Mix the flour, oats, and spices together. Add the melted butter, stirring with a fork until it becomes a crumbly streusel. It should not be greasy but crumbly. If it seems oily add a bit more flour and stir again until it’s crumbly.

Peel and slice the apples and lay them in your pan. Sprinkle the crumb mixture over top. Don’t pack it down. Bake.

Baking times vary according to the fruit, but the topping should be browned and the fruit should be bubbling round the edges. The glass casserole is instrumental here so you can see what’s going on. When you stick a fork in, the fruit should be soft. Generally a crisp will take 45 minutes to 1 hour. I avoid using a really deep casserole because then it takes forever. If you have no choice, cover the casserole and microwave the fruit for a while until it softens, then add the crisp mixture on top and bake.

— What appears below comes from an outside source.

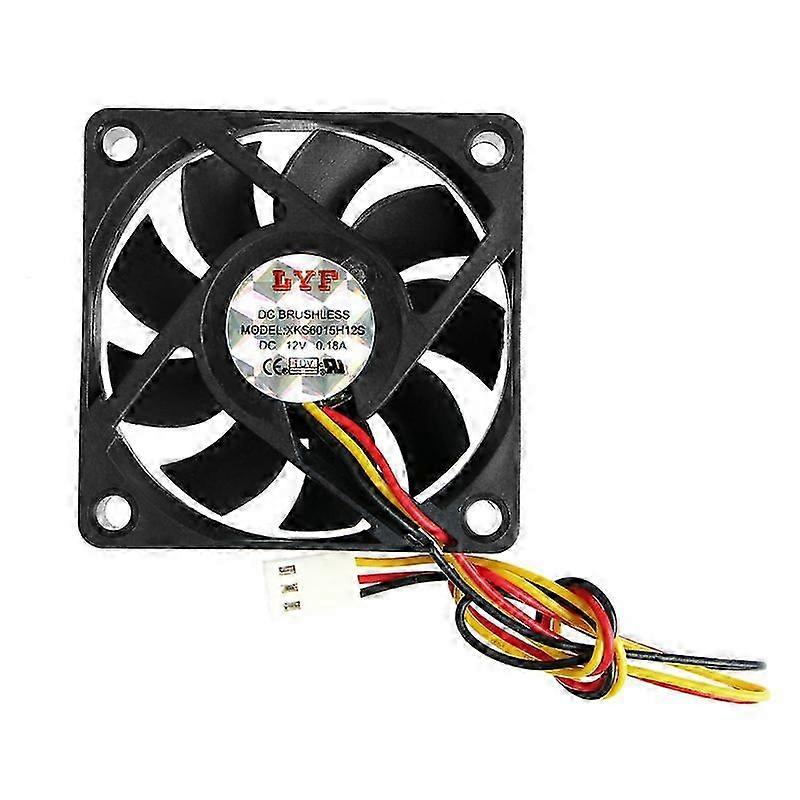 Cooling Capacity for Fan High Speed Silent Automatic Temperature Control 60mm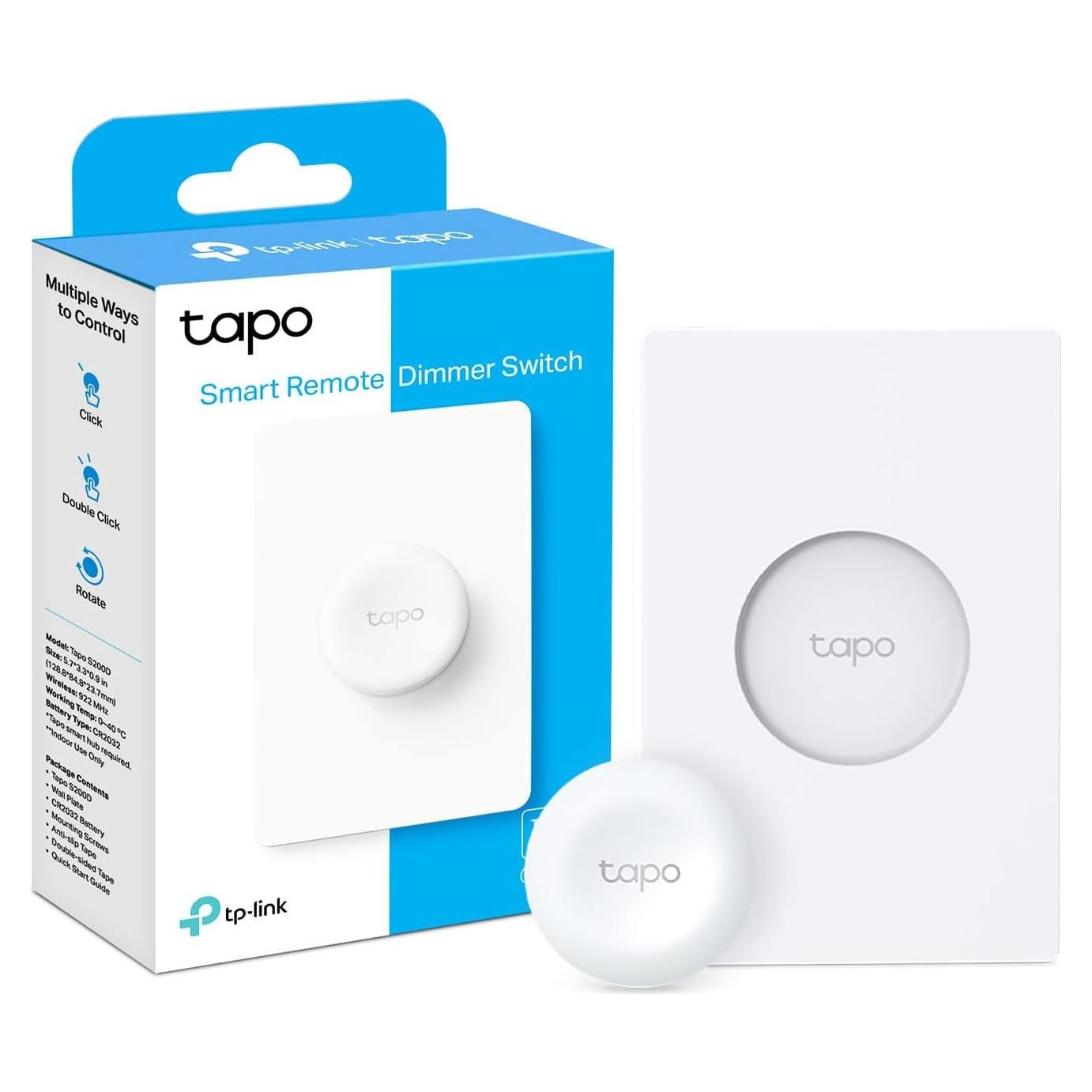 Botón Inteligente Tapo S200D | Control Remoto Inalámbrico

You can also cook the fruit briefly in a saucepan on the stove, then pour into the casserole dish and bake.

Crisps are good for using up old apples but sometimes those apples can be a bit dry; in that case check about 3/4 of the way into the cooking time. If it seems dry, add about 1/4 c. of water or apple juice.

When it’s not apple season, this is great with blueberries, blackberries, rhubarb (add some sugar in with the rhubarb if you try this or you’ll be sorry) and peach crisp will send you straight to heaven. I like mixtures too; apple-blueberry is good and also peach-blueberry. With peaches and blueberries, some sliced almonds in with the streusel mixture is a nice touch.

Happy Autumn!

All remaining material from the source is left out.